La verità è che al premier il solo sentire la parola “rimpasto” provoca reazioni allergiche. Di certo perché entrambi i ministri appartengono al suo partito (e ve ne sono altri sempre di FdI non messi benissimo, ne parleremo dopo) e poi anche per il timore che spostando due carte rischi di venir giù tutto il castello del governo. Basterebbe che un alleato mettesse sul piatto il criterio della competenza e non dell’appartenenza e il fuoco si avvicinerebbe in maniera molto pericolosa alle polveri.
Del resto, Meloni sta per passare all’incasso della nomina di Raffaele Fitto non solo nella commissione, ma anche alla vice presidenza europea.
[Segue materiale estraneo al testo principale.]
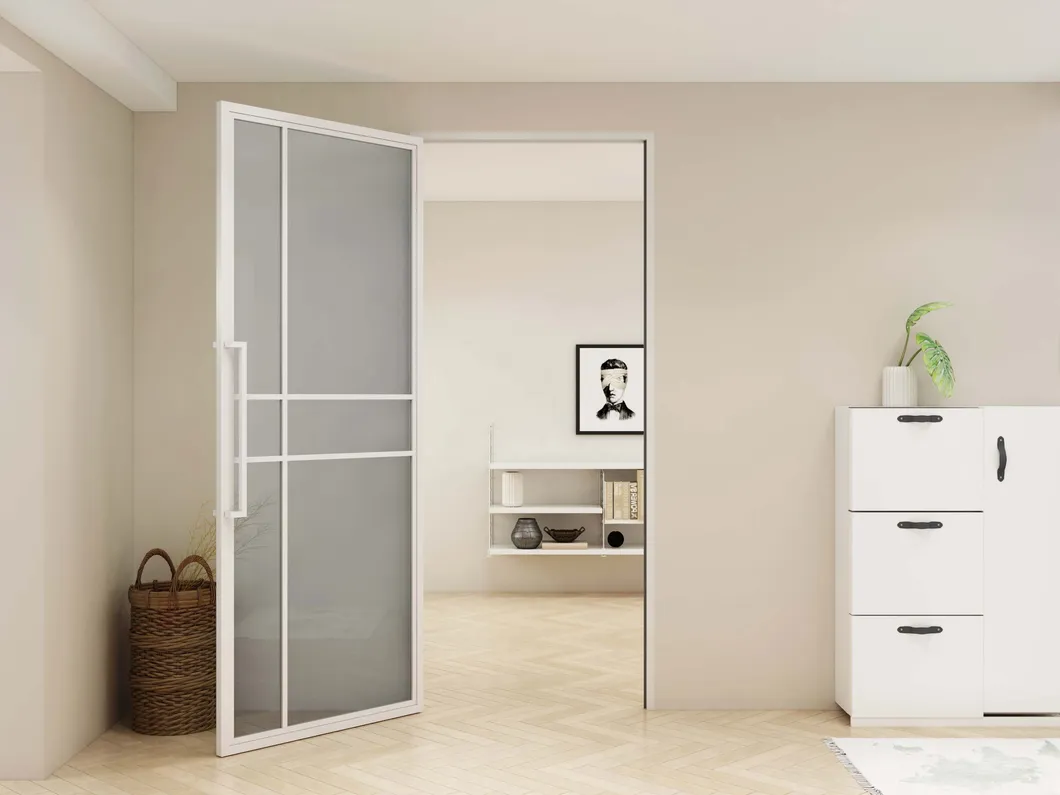 New Design Swing Glass Door with Steel Frame and Hinges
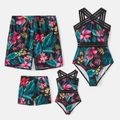 Family Matching Allover Plant Print Crisscross One-Piece Swimsuit and Swim Trunks Black image 1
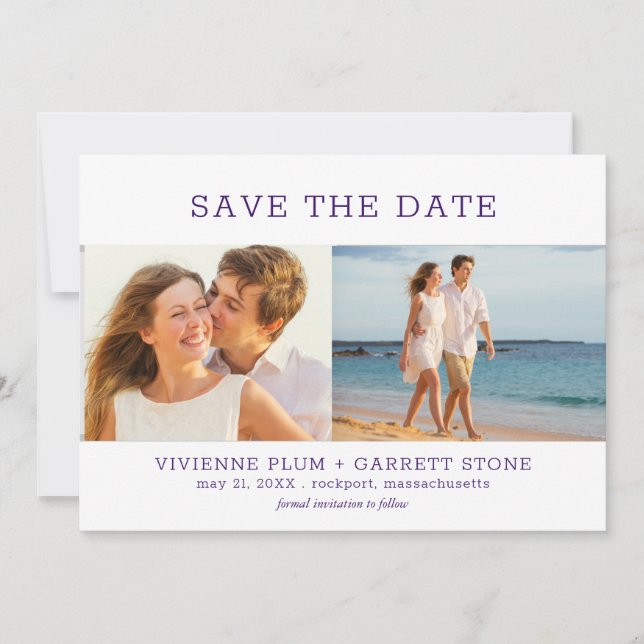 Dark Purple Text Three Photo Wedding Save The Date (Front)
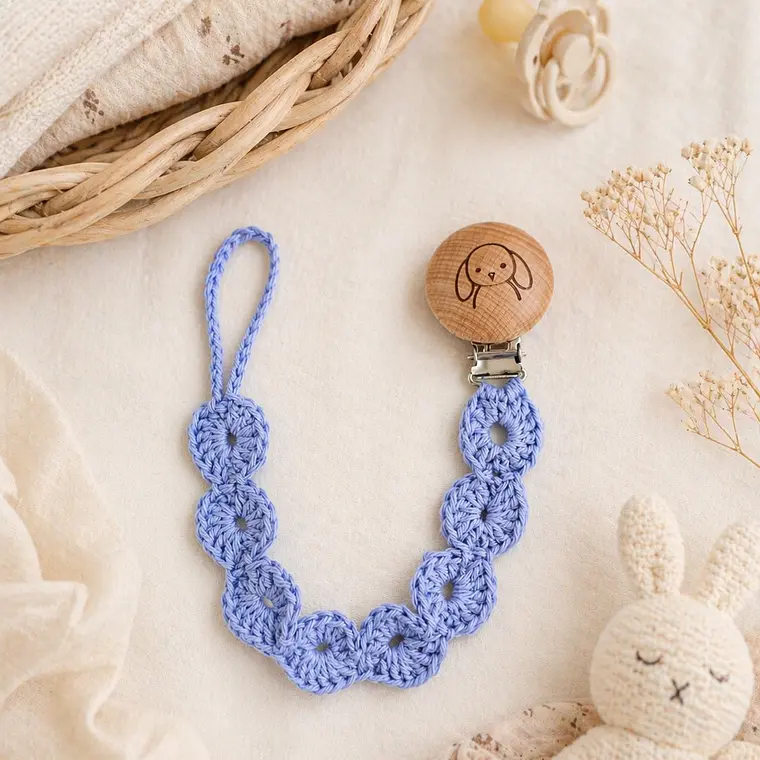 Portachupetes Tejido Celeste 2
Un fatto che metterebbe a tacere tutti coloro che si sono stracciati le vesti dopo il sofferto “no” pronunciato dalla presidente del Consiglio al bis di Ursula Von De Layen. La temuta rappresaglia dell’estabilshment europeo non c’è stata. Anzi, l’uomo scelto da Giorgia avrà un peso anche superiore a quello di Paolo Gentiloni, commissario europeo italiano uscente. Il problema del posto lasciato libero a Roma da Fitto sarà risolto redistribuendo le deleghe senza nominare un altro ministro. In questo modo il premier italiano pensava di aver scacciato il fantasma del rimpasto che però si è di nuovo manifestato con il caso Sangiuliano.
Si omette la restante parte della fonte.